Cade volta ao STF para decidir sobre fusões de bancos
Órgão de defesa econômica recorreu ao plenário, depois de ministro votar que caso não era da esfera do Supremo

Há mais de dez anos, Cade e Banco Central disputam quem pode julgar negócios no setor bancário brasileiro

FERNANDO RODRIGUES
RENATA AGOSTINI
DE BRASÍLIA

O Cade (Conselho Administrativo de Defesa Econômica) recorreu ao plenário do STF (Supremo Tribunal Federal), solicitando que a corte decida quem tem o direito de julgar fusões e aquisições no setor bancário. O órgão insiste em poder dividir as atribuições com o Banco Central.

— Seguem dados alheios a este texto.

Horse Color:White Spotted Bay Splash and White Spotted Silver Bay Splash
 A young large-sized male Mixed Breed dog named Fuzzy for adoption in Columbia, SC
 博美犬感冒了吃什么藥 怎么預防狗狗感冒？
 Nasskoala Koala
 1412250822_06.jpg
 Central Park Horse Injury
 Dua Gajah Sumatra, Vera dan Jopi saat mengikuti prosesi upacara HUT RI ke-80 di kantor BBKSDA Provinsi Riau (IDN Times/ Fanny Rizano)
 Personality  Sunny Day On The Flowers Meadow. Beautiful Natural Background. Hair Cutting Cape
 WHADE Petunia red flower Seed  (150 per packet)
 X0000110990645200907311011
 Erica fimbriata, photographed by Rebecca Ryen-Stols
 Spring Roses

Esse pode ser o capítulo decisivo na disputa que opõe as duas autarquias há mais de dez anos. Em julho, o ministro Dias Toffoli avaliou que o caso não deveria ser apreciado pelo STF, por não se tratar de matéria constitucional.

O Cade discordou e recorreu da decisão no dia 18 de agosto, apelando ao plenário do STF. Não há prazo para que o ministro apresente o caso ao colegiado.

As duas autarquias divergem na hora de interpretar as leis atuais. O BC entende que tem exclusividade na decisão. O Cade avalia que tem o direito de analisá-las também.

O assunto afeta negócios de bilhões de reais, a exemplo da fusão entre Itaú e Unibanco, que, anunciada em 2008, durante a crise financeira, criou um dos maiores bancos do mundo. Na ocasião, o negócio passou pelo crivo do Cade.

Agentes do mercado entendem que decisões sobre a legalidade de fusões e aquisições devem ficar com o Banco Central, que seria mais sensível ao tema.

Para o Cade, os bancos têm de se submeter às mesmas regras que as demais empresas do país. É o que já acontece com outros setores regulados, como os de energia e de telecomunicações.

A análise compartilhada ocorre na maior parte dos países. Mesmo na Costa Rica e nos Estados Unidos, onde a decisão é tomada pelo banco central, o órgão antitruste pode emitir um parecer.

“Nosso debate está em descompasso com o que acontece no resto do mundo”, diz Jean-Paul Veiga, professor da faculdade de direito da USP.

O procurador-geral do Banco Central, Isaac Sidney Ferreira, discorda: “O Banco Central, na qualidade de regulador, supervisor e autoridade de resolução do sistema financeiro, além de autoridade monetária e cambial, responsável pela manutenção da estabilidade monetária e financeira, dispõe de informações, conhecimentos técnicos e experiência sobre o sistema financeiro que nem o Cade nem nenhuma outra entidade no governo detêm”.

Segundo ele, tal percepção consolidou-se após a crise financeira mundial.

AMBIGUIDADE

A queda de braço começou em 2002, quando o Cade multou o Bradesco por não ter notificado a compra de um banco. O Bradesco questionou na Justiça a decisão e perdeu.

Em 2008, recorreu ao STJ (Superior Tribunal de Justiça), que suspendeu a punição, mas manteve uma ambiguidade sobre o mérito: afinal quem teria o direito de julgar? Para o Cade, houve empate entre os ministros.

O BC discorda.

Segundo o Cade, a situação atual cria insegurança jurídica. Há ainda o temor por parte do órgão de que a regulação seja inteiramente transferida ao BC, o que impediria investigações sobre cartel, por exemplo.